Я заползла под обрушенную стену, один край которой лежал на прочно стоящем на земле обломке дома, так что получилась крохотная нора, устланная каменной пылью и затхлостью. Разумеется, ночевать под этой каменной плитой было рискованно: тут все снова могло рухнуть, но из двух зол уж лучше было погибнуть, чем промокнуть. Я легла на бок и ощутила, как у меня болят все кости, какие они усталые, когда легли на этот камень, – словно орудия, в которых появился усталостный износ металла; разумеется, это первый признак скорой смерти, и я уставилась в дождливую тьму оголодавшими глазами, словно зверь неизвестной породы, одетый в пальто. Вода точила камни – и не только камни – со всей силы.

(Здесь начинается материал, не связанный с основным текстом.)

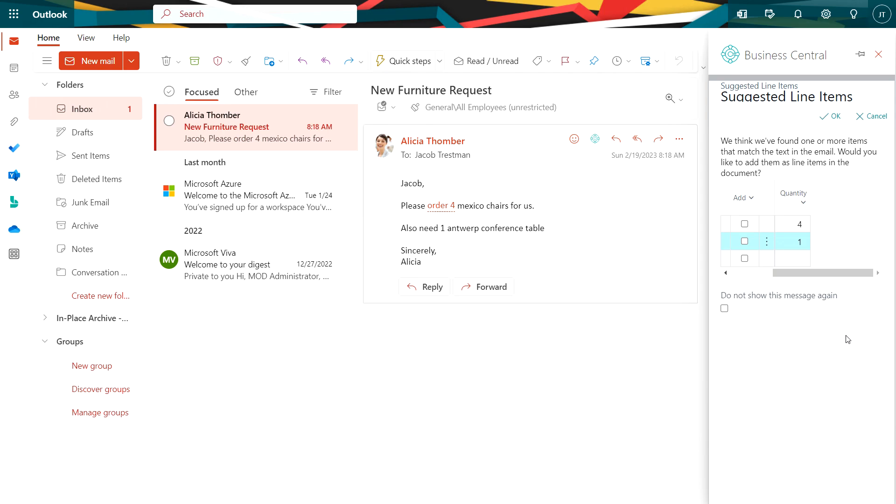So the add-in for Business Central in Outlook is scanning the email and looking for information about the sales order. It picks this up. This is not a standard format that I have to use. It's looking at the entire text of the email and saying, hey, I think it's these two items.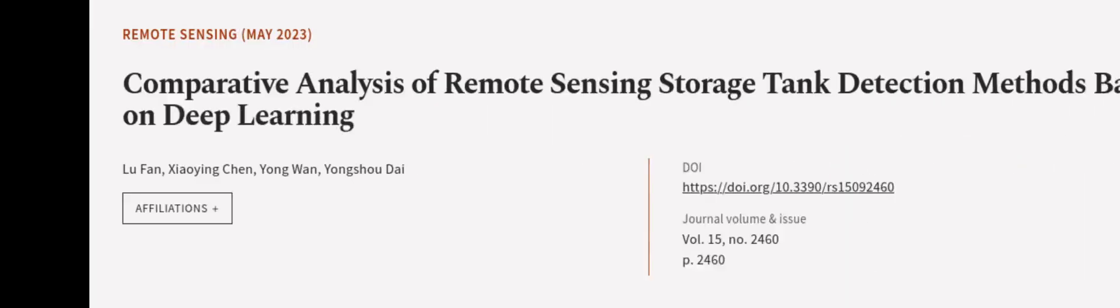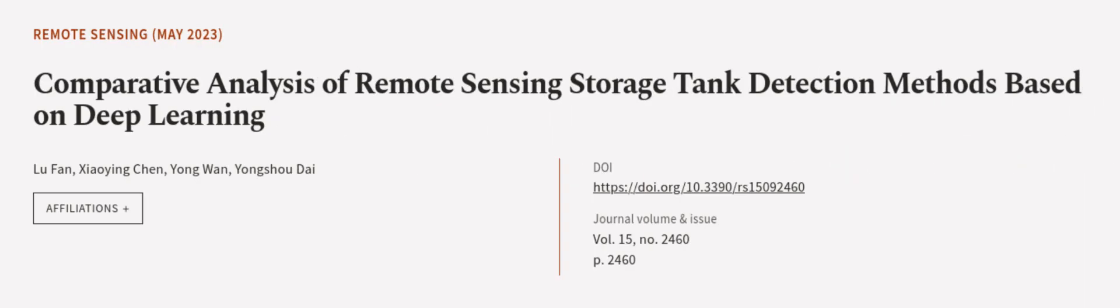This article was authored by Liu Fan, Xiao Ying Chen, Yang Wan, and others. We are article.tv, links in the description below.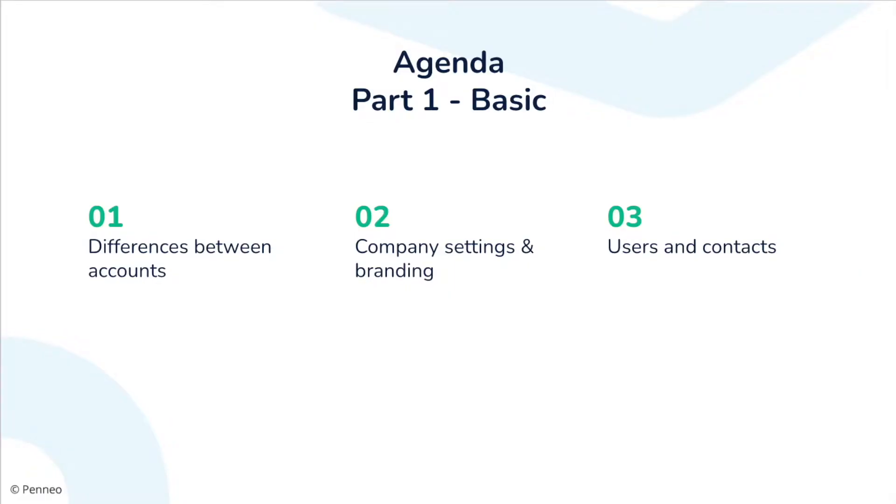Hello and welcome. I'm Alice and I work as a digital onboarding associate here in Penio. In this video you will get an introduction to the different settings and options that are available to you as a professional Penio account administrator.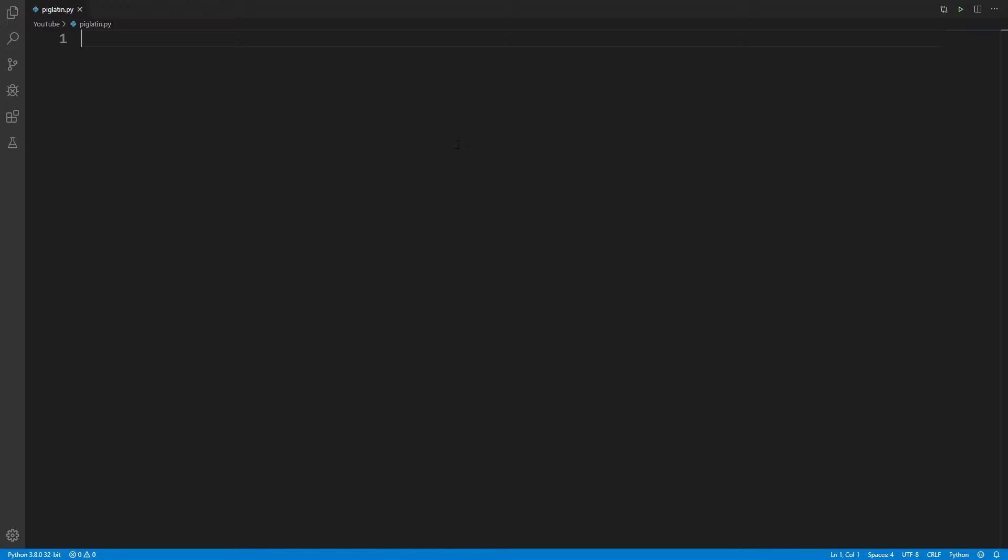Hi, welcome to another episode of Async File. In this video we're going to take a look at how to convert a given word into Pig Latin encoded form. So what's Pig Latin? Let's take a look.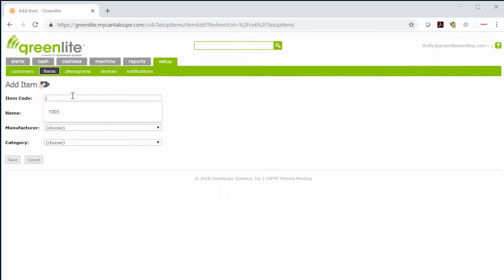The item code can be the UPC code from the product itself, or you can come up with your own item codes. For instance, 1001, 1002, 1003, etc.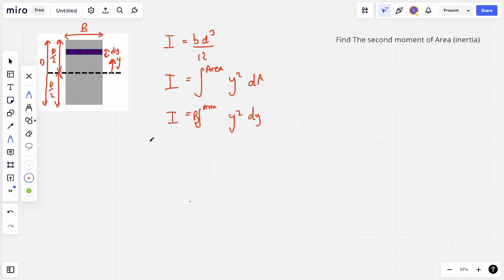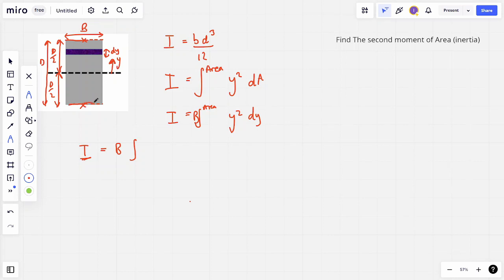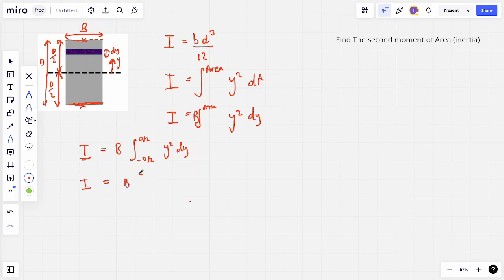We then integrate through the area. I is equal to b times the integral from the lower edge all the way to the top edge — the entire length of this cross section. As y is going positive upwards, the bottom edge is negative d/2 whereas the top edge is positive d/2. So we integrate between −d/2 and +d/2 of y squared dy. Integrating normally, we get I is equal to b times [y³/3] evaluated between the limits of −d/2 and +d/2.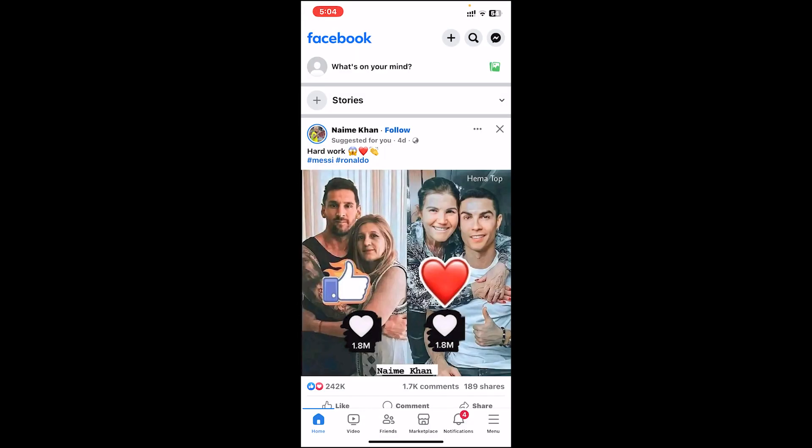Make sure you're logged into your account. Once you're on the home page, tap on the menu icon at bottom right corner.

Под конец я заснула и, если честно, спала на удивление хорошо, так хорошо, что даже удивилась, когда проснулась. Когда я выползла из своей норы, слегка промокшая сбоку, я не сразу осознала, где я, и на краткий миг ощутила блаженство, но потом меня опять приписали ко Второй мировой. Тогда было, наверно, всего пять или шесть утра, потому что небо на востоке рдело, а война еще спала, и птиц нигде не было.